Introduction

In late December 2019, a previously unidentified coronavirus, also named as the severe acute respiratory syndrome coronavirus 2 (SARS-CoV-2), rapidly caused a worldwide pandemic [1]. Despite the active efforts of governments, the emergence of several variant strains of the virus and the difficulties in accessing an effective vaccine has prevented the outbreak from being effectively controlled worldwide [2]. According to the latest data from the World Health Organization, coronavirus disease 2019 (COVID-19) caused by this novel coronavirus has led to over 6 million deaths and poses a major threat to worldwide health.

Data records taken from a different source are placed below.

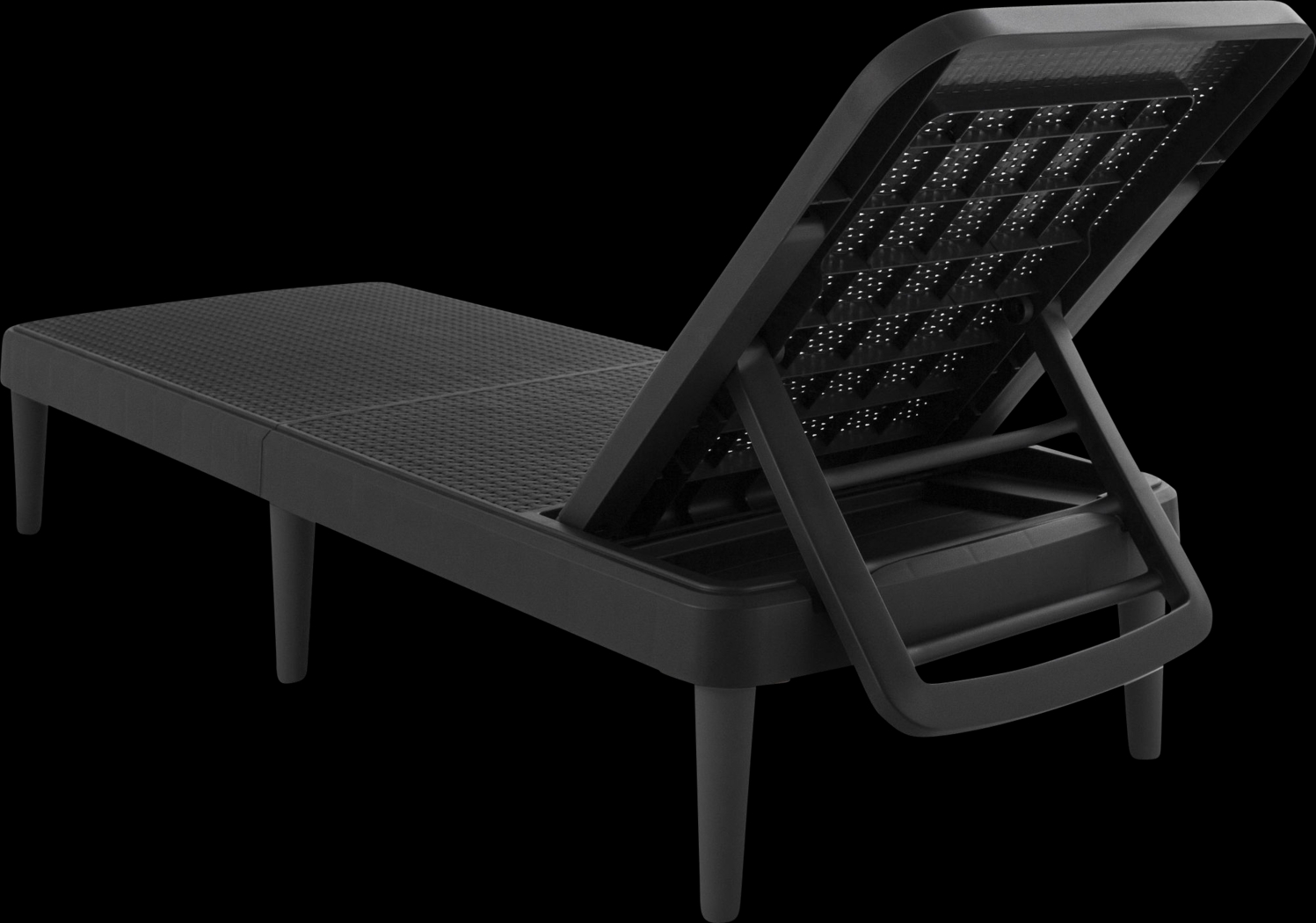 Lagoon Tahiti Black Outdoor Chaise Lounge - Thumbnail - Image 5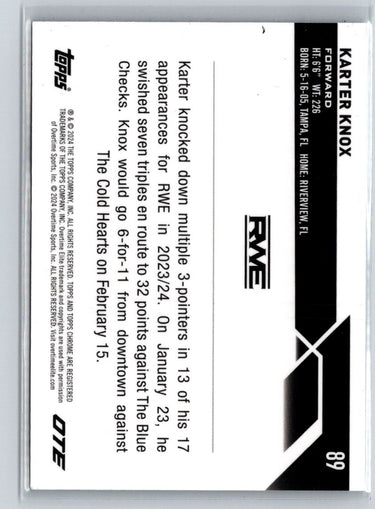 2023-24 Topps Chrome Overtime Elite #89 Karter Knox V61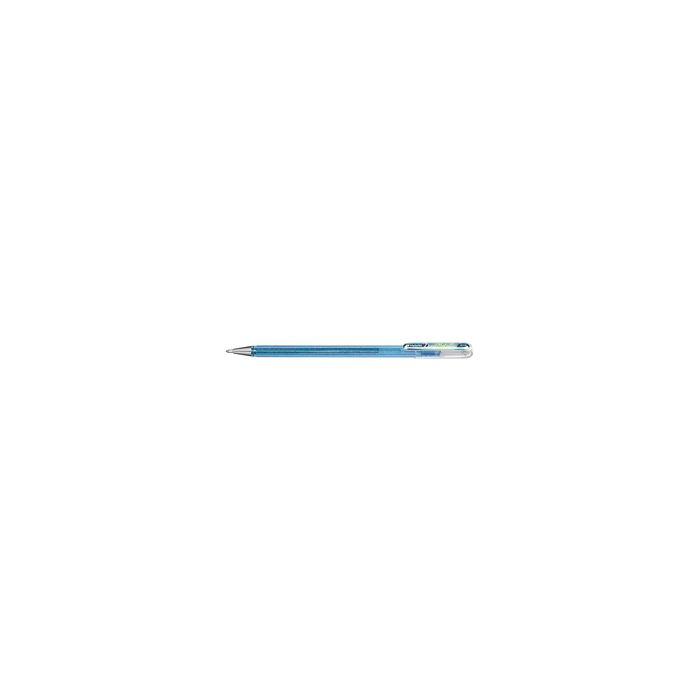 Pentel Hybrid Stylo roller "Dual Pen", gris bleuté/bleu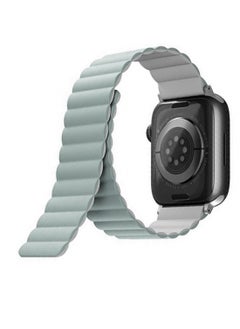 Uniq 45/42/44/49mm Reversible Apple Watch Strap, UNIQ Revix Moss GreenTan  - Image 3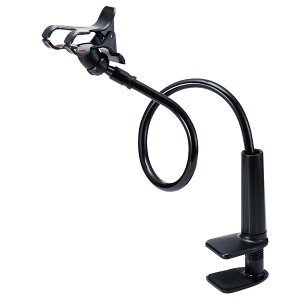 �G���R�� �X�}�z�p�X�^���h �A�[���^ �S��80cm ���R�ɋȂ���(4.6~6.9�C���`�X�}�z�Ή�) �u���b�N PWDSLARM80BK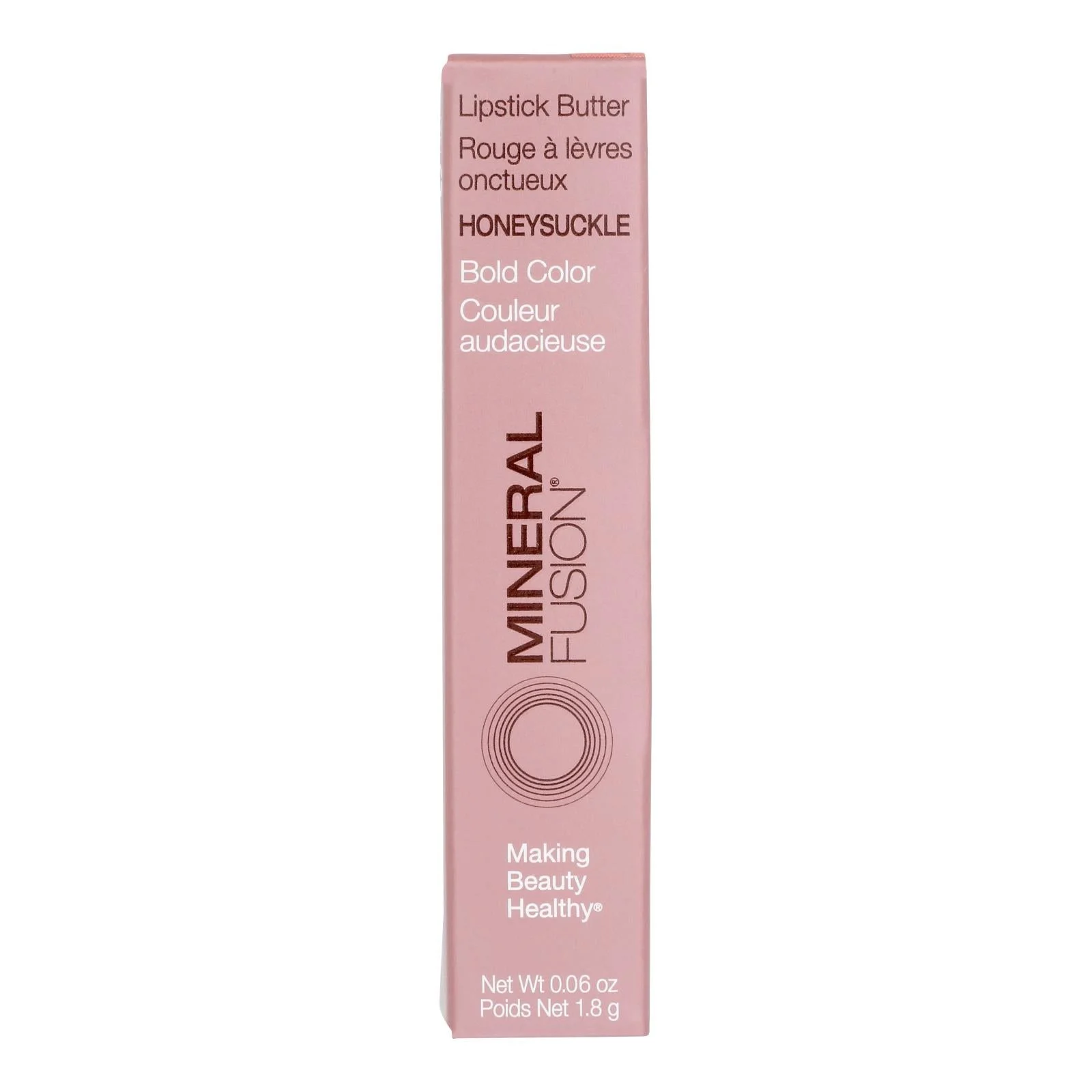 Mineral Fusion - Mkup Lipstick Butter Hnysuckle - 1 Each-.06 Ounce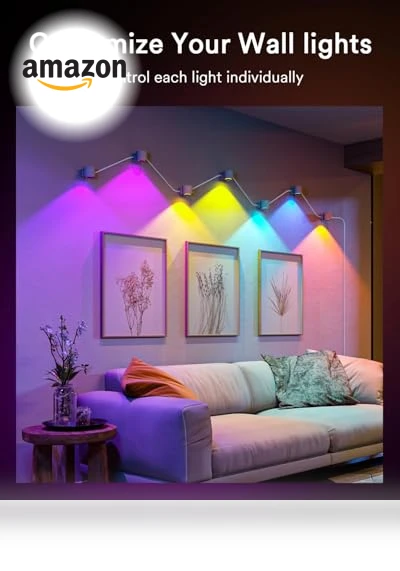 Smart Wall Sconces — LED Strips, Lumary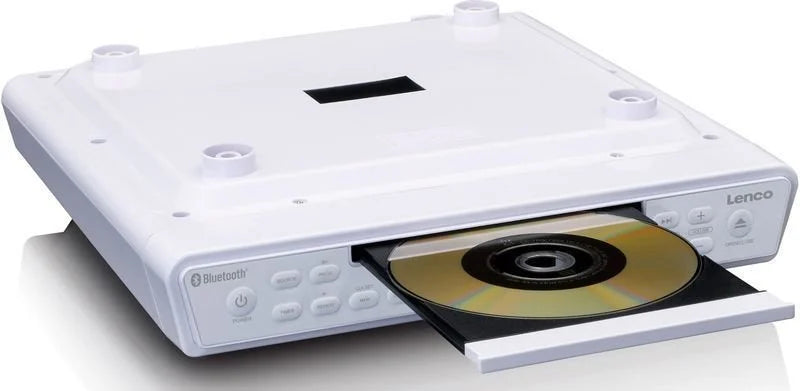 Lenco KCR-150WH – Konyhai Rádió Bluetooth® és CD Lejátszóval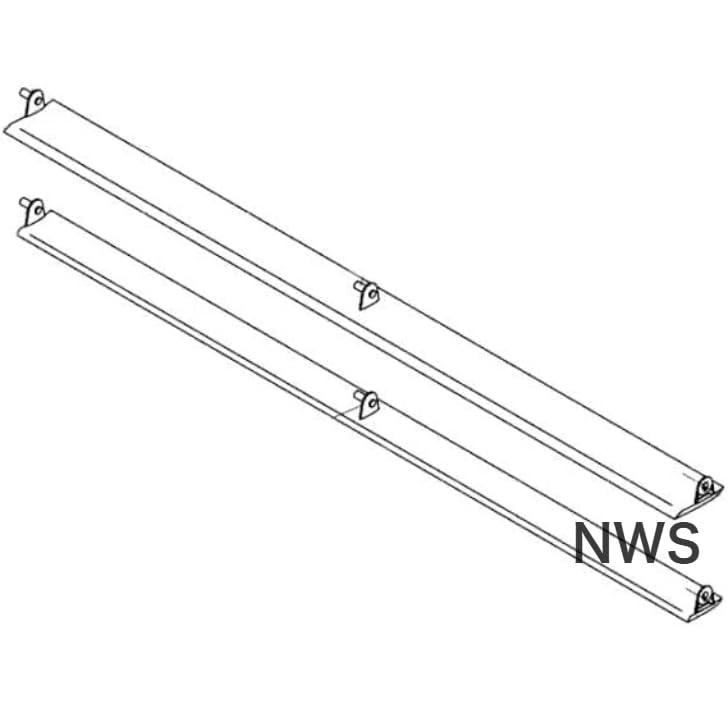 ダイキン（DAIKIN） エアコン用 水平羽根 フラップ 上下セット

Awareness of the relationship between COVID-19 and other diseases or risk factors can help in developing disease prevention strategies. Based on available studies, COVID-19 is probably associated with cardiovascular disease, diabetes, and obesity as well as hypertension, gender, and blood type [3,4,5,6,7]. Among the known causes of miscarriage, infection could be an important factor, in addition to chromosomal abnormalities, anatomical factors of the uterus, and other endocrine disorders [8]. A previous study found that the risk of miscarriage was increased during outbreaks of coronaviruses, such as SARS-CoV and MERS-CoV [9]. However, the association between COVID-19 and the risk of miscarriage, which has become a concern for both patients and obstetricians, still lacks reliable evidence.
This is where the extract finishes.